Top of The data

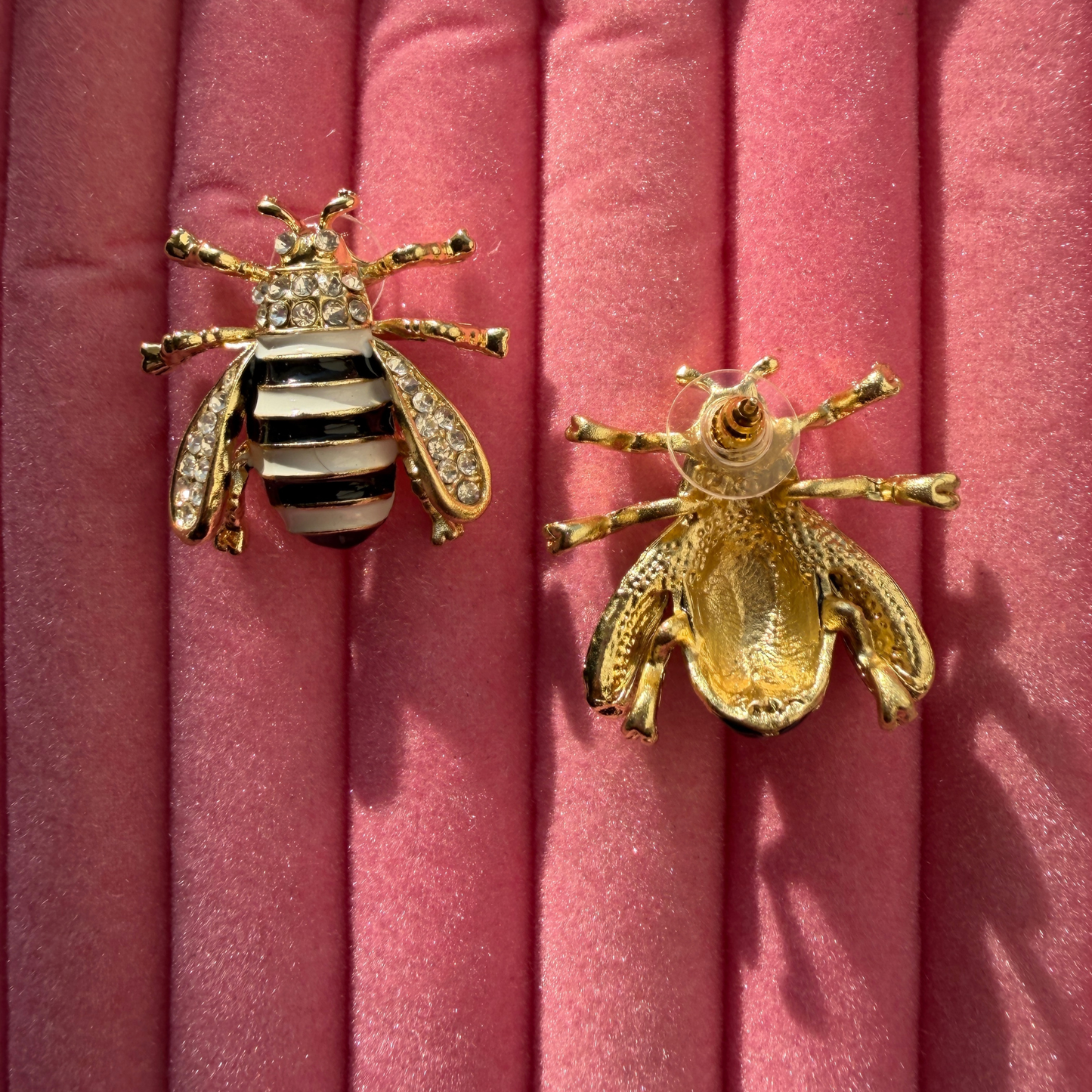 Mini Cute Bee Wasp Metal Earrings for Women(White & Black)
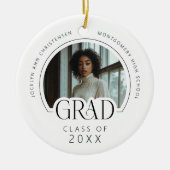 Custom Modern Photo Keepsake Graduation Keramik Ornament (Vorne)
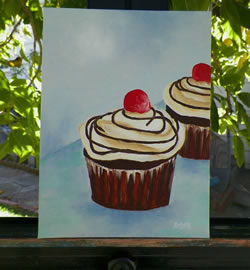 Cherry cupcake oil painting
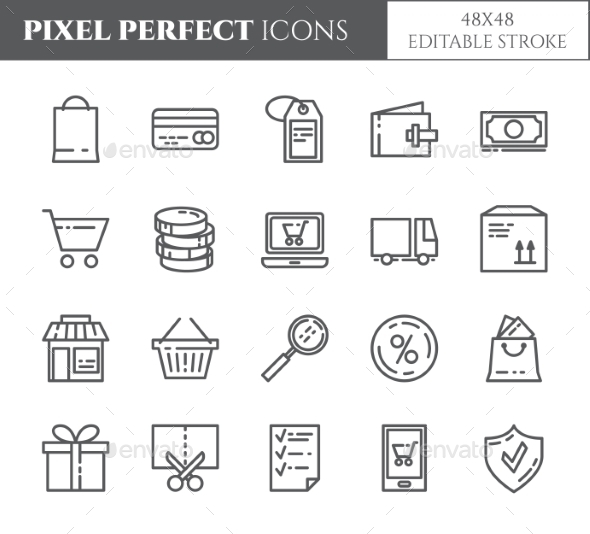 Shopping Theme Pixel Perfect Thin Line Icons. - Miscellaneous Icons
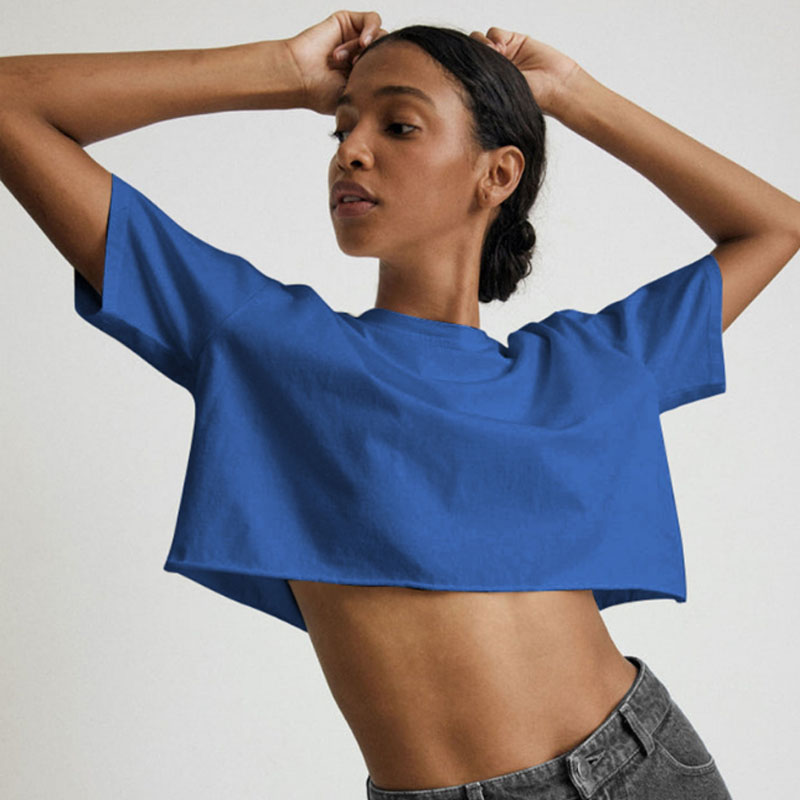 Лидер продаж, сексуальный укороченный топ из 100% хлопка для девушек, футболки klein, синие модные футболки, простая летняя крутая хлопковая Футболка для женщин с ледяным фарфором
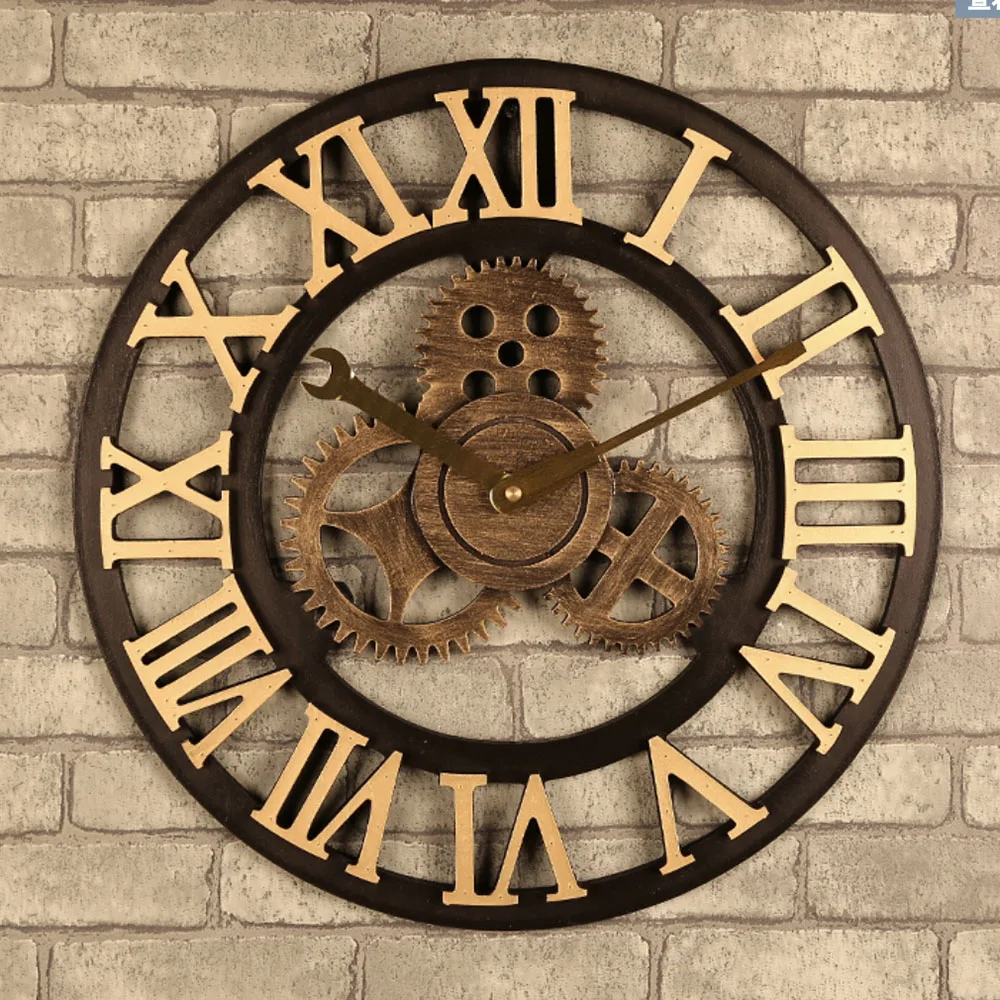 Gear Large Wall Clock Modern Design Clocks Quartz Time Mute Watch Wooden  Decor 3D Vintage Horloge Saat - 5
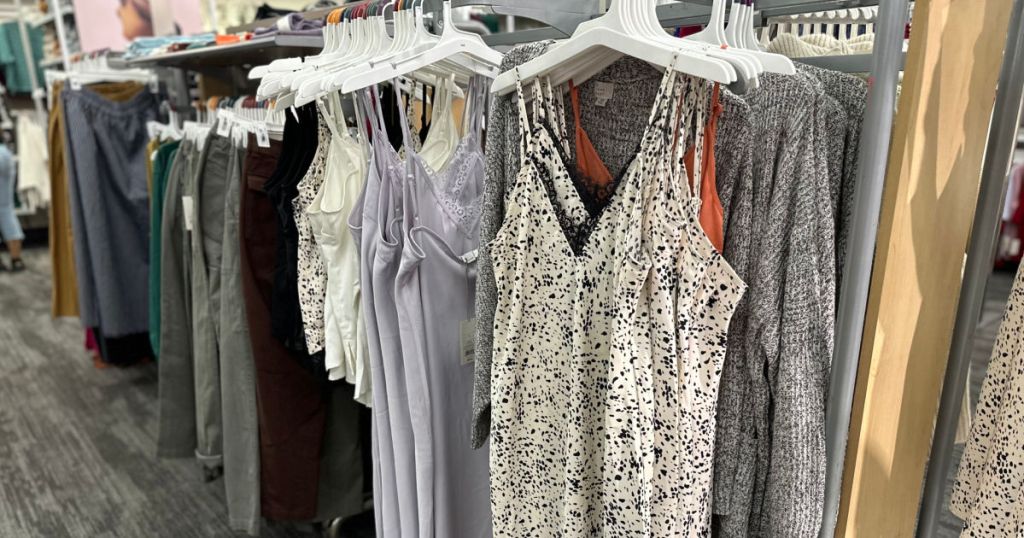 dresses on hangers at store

Bottom of The data

*Exercise description*.
The answer must consist solely of the lines from the line containing "Shopping Theme Pixel" to the end of the data, reproduced exactly, with every picture left out.

*Response below*.
 Shopping Theme Pixel Perfect Thin Line Icons. - Miscellaneous Icons
 Лидер продаж, сексуальный укороченный топ из 100% хлопка для девушек, футболки klein, синие модные футболки, простая летняя крутая хлопковая Футболка для женщин с ледяным фарфором
 Gear Large Wall Clock Modern Design Clocks Quartz Time Mute Watch Wooden  Decor 3D Vintage Horloge Saat - 5
 dresses on hangers at store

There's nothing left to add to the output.